Eruption: Die Sonne schießt in Richtung Erde

Es ist die größte Eruption seit fünf Jahren: Der solare Auswurf gefährdet Satelliten und Stromnetze.

Von ferne betrachtet sieht die Sonne wie ein großer Ball aus, der stoisch Licht und Wärme in den Kosmos abstrahlt. Eine Nahaufnahme der Oberfläche offenbart ein deutlich anderes Bild: Sie scheint regelrecht zu kochen. Gewaltige Wellen schwappen hin und her, dann und wann jagen große Gasblasen davon. Am Dienstagmorgen spuckte unser Zentralgestirn eine besonders große Wolke aus.
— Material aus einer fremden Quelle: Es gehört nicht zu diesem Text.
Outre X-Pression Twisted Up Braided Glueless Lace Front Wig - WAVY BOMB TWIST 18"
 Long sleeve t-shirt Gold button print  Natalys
Nach Angaben der amerikanischen Wetterbehörde NOAA ist es die größte Sonneneruption seit Dezember 2006. Noch bis morgen könne es zu Störungen von GPS-Signalen und bei der Stromversorgung kommen, hieß es weiter.

„Solche Eruptionen entstehen, wenn das Magnetfeld der Sonne instabil ist“, sagt Bernd Inhester vom Max-Planck-Institut für Sonnensystemforschung (MPI) in Katlenburg-Lindau. Dieses Feld sei wie eine Art Käfig, der das ionisierte Gas – Plasma genannt –, aus dem der Stern zu großen Teilen besteht, zusammenhält. Das Feld sei weitaus komplexer aufgebaut als das der Erde und ist ständig in Bewegung, erläutert Inhester. An den Stellen, wo seine Stärke nachlässt, kann Material entweichen. „Dann schießen große Mengen Wasserstoff- und Heliumgas sowie schwerere Atome aus Eisen, Silizium oder Calcium heraus.“ Zehn Milliarden Tonnen Materie sind das im Schnitt bei einer Eruption. „Das entspricht etwa der Masse eines Berges, zum Beispiel des Brocken, der nicht weit von unserem Institut entfernt ist.“

Die geladenen Teilchen fliegen nicht wahllos in den Kosmos, sondern werden vom Magnetfeld in eine bestimmte Richtung gelenkt. In den meisten Fällen jagt dieser „koronale Massenauswurf“, wie Fachleute dazu sagen, von der Erde weg oder zumindest weit an unserem Planeten vorbei. Dieses Mal ist es anders. „Wir werden die Wolke nicht zentral treffen, aber wahrscheinlich in ihren Rand hineinfliegen“, sagt Inhester. Zum Glück, denn dadurch werden Schäden, wenn es sie überhaupt gibt, geringer ausfallen.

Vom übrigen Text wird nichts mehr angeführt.